Become a strategic partner to the business.
This is a pivotal moment for the CHRO, who will now be seen as an equal partner in steering the business. Decision makers will be paying attention to what the CHRO is doing—and looking to HR to advise on what information the business should disclose, why, and how.
Demonstrate your value to your leaders and peers.
With increased visibility into HR’s impact on the business, this is a strategic opportunity for HR to gain credibility and show their contributions to the bottom line.
“Ready or not, human capital is top of mind for your CEO—and HR leaders will be on the front lines of sweeping change for the next several years,” says Harris.
CHROs now have a major platform to get the support and buy-in they need from leaders.
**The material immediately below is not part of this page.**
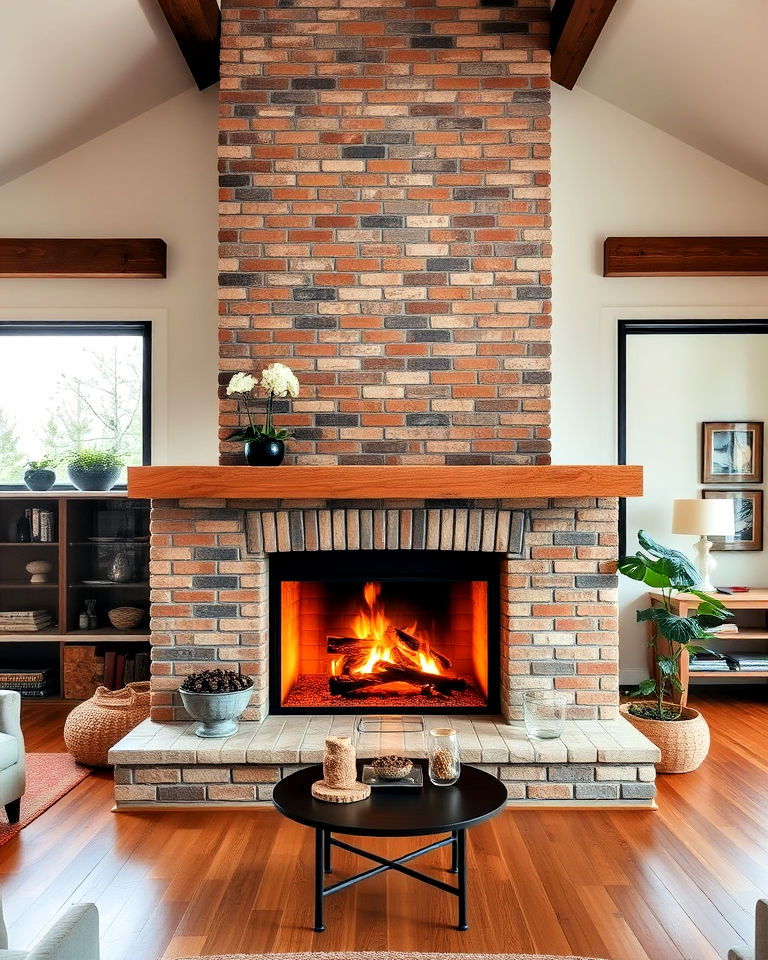 rustic wood burning floor to ceiling fireplace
Collecting data, analyzing it, reporting on it, and showing progress on any given metric all require significant investment and commitment across the business.
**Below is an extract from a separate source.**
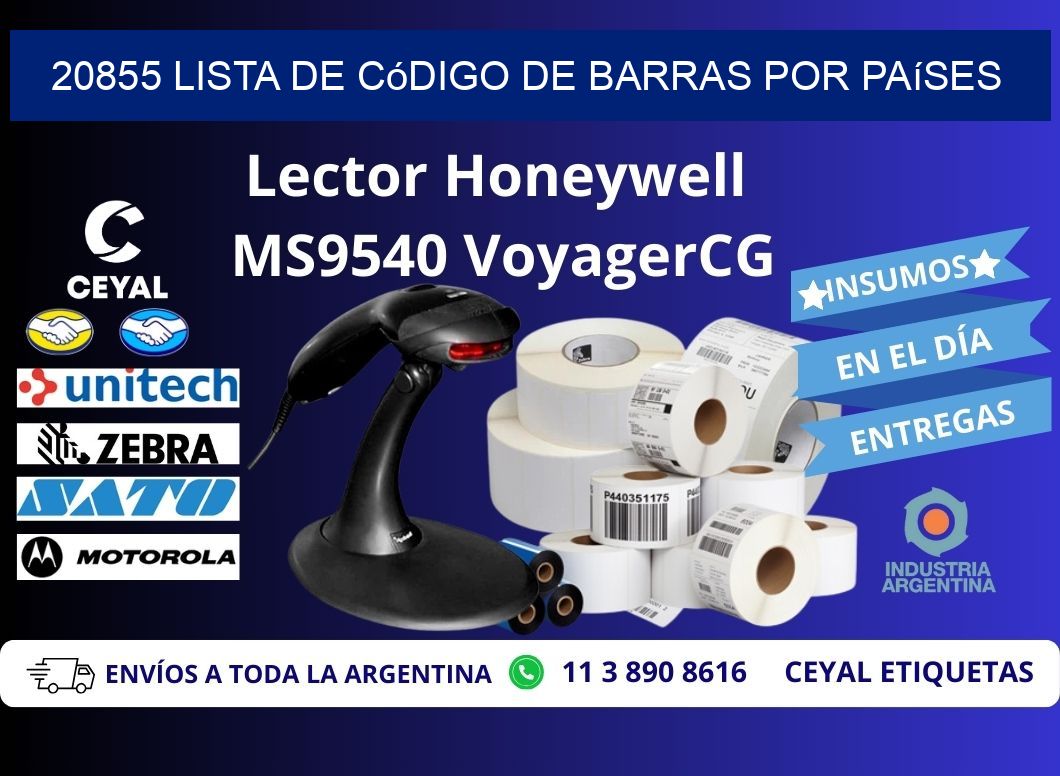 20855 Lista de código de barras por países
“HR leaders should view human capital disclosure requirements as leverage to get the green light on priorities and projects that may have been sitting on the backburner,” says Harris.
2. Elevate your HR strategy to create & communicate long-term business value.
As the C-suite becomes more attuned to investor expectations around disclosures, HR will need to level up their data, reporting, and storytelling skills.
“HR will need to better align their work with key business objectives and make a foolproof connection between the success of employees and the success of the business,” says Harris.
When drawing the connection between HR strategies and business strategy, ask:
- What do our people programs look like?
- Why did we put them into place?
- How are we measuring success?
- What business KPIs do they impact?
- Will these programs increase trust with employees, leaders, and investors?
Organizations might be able to get by with simply reporting on people metrics for a little while longer, but investors will expect to see improvement on those metrics over time. And without the context behind your metrics, investors will be asking questions.
“CHROs will need to create reports that reflect the reality of their human capital truthfully and accurately—and put strategies in place to move the needle on these parameters,” says Harris.
Context will be key in helping organizations tell a story that helps investors make informed, data-driven decisions. CHROs should be thinking beyond metrics—and they’ll need to decide what matters most to the business and what they think might impact shareholder support.
Some guiding questions to help build context might include:
- What makes your organization unique?
- What makes it competitive?
- What risks exist and how are you addressing them?
“Building a thoughtful and strategic narrative with your human capital disclosures can help position your business ahead of the competition,” says Harris. “It shows shareholders how committed you are to improvement and to cultivating a successful workforce.”
3. Equip yourself with the right data, intelligence, and technology.
When it comes to human capital disclosures, organizations will need to prioritize accuracy, efficiency, and impact. To meet these objectives, CHROs need to be ready to come to the table with relevant data and insights.
This will require different tools and technology than what many HR leaders are equipped with today. Organizations won’t be able to get by with spreadsheets, disjointed data, and basic HR information systems. It opens the business to too much risk.
“Any information you disclose in your filings is going to be auditable, so the integrity of your data is important,” says Harris. “Reliable data comes from reliable technology.”
HR teams should reexamine their tech stacks—and business leaders should be ready and able to back investments in new technology.
The right HR technology stack will help your organization:
Collect and analyze real-time, quality data on key human capital metrics.
In today’s pace of business, change happens fast. You need tools that help you capture, analyze, and store your data in real-time. This empowers you to use data for key decisions and strategy—and will make your human capital reporting much easier and more efficient.
Uncover critical, actionable insights that will help drive improvements.
You’ll want to be deeply connected to your data. But you shouldn’t have to do all the hard work. Look for tools that use automation and AI to help surface insights from your data. The right technology can help you nudge the right person, at the right time, to take the right action.
Increase access to data, analytics, and insights to anyone who needs it.
Your disclosures will likely be shaped by the perspectives and priorities of a variety of business unit leaders. Those leaders should all have access to the same information. Make sure your tech stack includes people analytics tools that enable access to anyone who needs the data.
Help leaders understand benchmarks and progress over time.
You won’t want to do a manual data pull every quarter. Your tools should help you easily visualize progress and trends so you can benchmark against yourself over time and quickly understand the right stories to tell. Bonus: look for tech that also helps you benchmark your people metrics against other companies like you.
Move the needle on the HR metrics that drive employee and business success.
People analytics tools are a must-have. But you also need tools that help you cultivate a successful workforce. Prioritize investments in platforms that help you drive engagement, boost performance, and facilitate growth and development. Pro tip: when you layer the data from all these tools, you’ll be able to pull the right levers at the right time—and tell a powerful story.